1960 Garanti ve İttifak Anlaşmalarının 3’ncü maddesine göre anavatanımız Türkiye’nin tek yanlı müdahale hakkı vardır. Garanti ve İttifak Anlaşmaları birbirinin ayrılmaz bir parçasıdır ve bir bütündür… Anılarında EOKA’nın faaliyetleri ve Garanti Anlaşmaları ile ilgili olarak KKTC Kurucu Cumhurbaşkanı Rauf. R. Denktaş: “EOKA tedhiş örgütü faaliyete geçtiğinde umursamazlık vardı. “..Ne olacak, bunlar birkaç kişi , Rumlar bunların peşinden gitmez” deniliyordu. Ama tam tersi oldu ve Rumların büyük çoğunluğunun destek verdiği bu tedhiş örgütü Kıbrıs’ı kana buladı…
Kıbrıs Cumhuriyeti’nin kuruluşu öncesinde de silahların teslim edilmesi yönünde anlaşmaya varıldı. Bu anlaşma gereğince Kıbrıs Türkleri elindeki silahları teslim ederken, EOKA kullanılmayan, kırık dökük silahları teslim etti, diğerlerini de günü geldiğinde kullanmak üzere sakladı ve günü geldiğinde de bu silahları kullandı..” diyordu.
21 Aralık 1963 Kanlı Noel saldırıları ile Akritas planı devreye konulur. 11 yıl boyunca anavatanına güvenerek TMT etrafında bütünleşerek mücadele eden Kıbrıs Türk halkı Türk askeri sayesinde top yekun katliama uğramaktan kurtularak 20 Temmuz 1974’ün mutluluğunu yaşadı. Yıllarca süren görüşmelerin bir sonuç vermemesi üzerine de Kıbrıs Türk halkı self-determinasyon hakkını kullanarak 15 Kasım 1983’te Kuzey Kıbrıs Türk Cumhuriyeti’ni ilan etmiştir.
20 Temmuz 1974 Barış Harekatı ile Kıbrıs’a barış ve huzur gelmiştir. Ancak günümüzde Kıbrıs Türk ve Rum halklarına bu barışı ve huzuru çok görenler her iki halkı Birleşik Federal Kıbrıs çatısı altında bir araya getirmeye çalışıyorlar. Bilinmelidir ki böyle bir siyasi çözümle birlikte Kıbrıs’ta var olan barışı ve huzuru da kaybedeceğiz…
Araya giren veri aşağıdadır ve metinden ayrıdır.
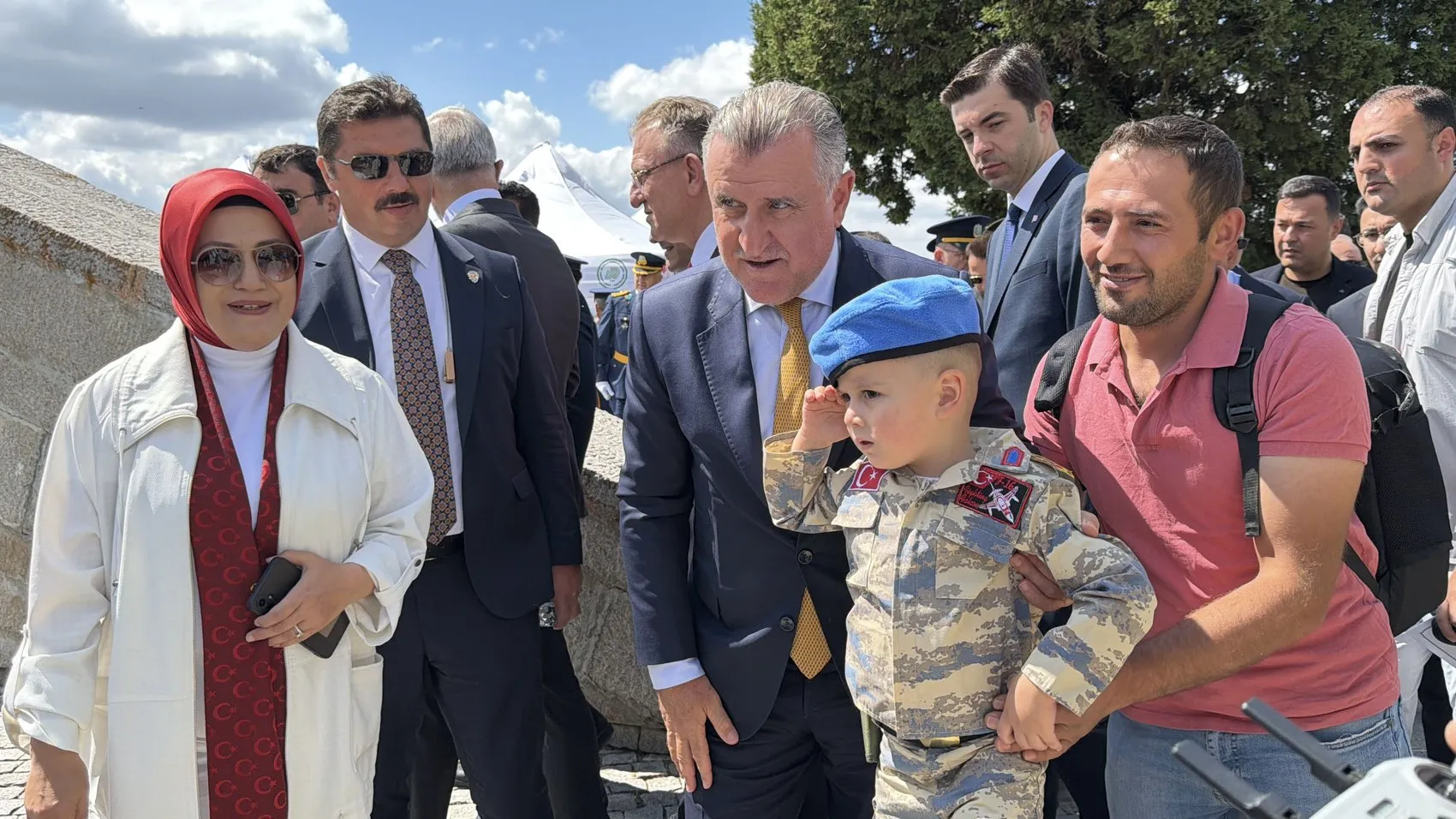 Dumlupınar'da 30 Ağustos coşkusu: Türk milleti esaret kabul etmez mesajı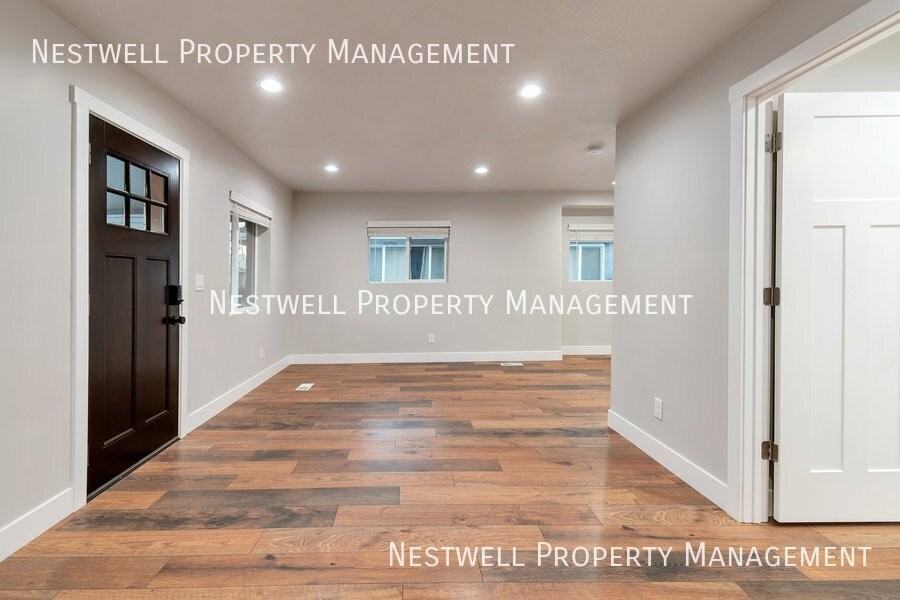 123 E Hampton Ave - Photo 3 of 19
1963-1974 yılları arasında Kıbrıs Türk halkı, silahlı saldırılara uğradı , katliamlara uğradı ama günümüzde Rum-Yunan ikilisi ısrarla “1960’lı yıllarda değiliz, garantilere ve Türk askerine gerek yok. AB üyesi bir ülkeye üçüncü bir ülke garantör olamaz; AB üyesi olmak yeterlidir” diyor…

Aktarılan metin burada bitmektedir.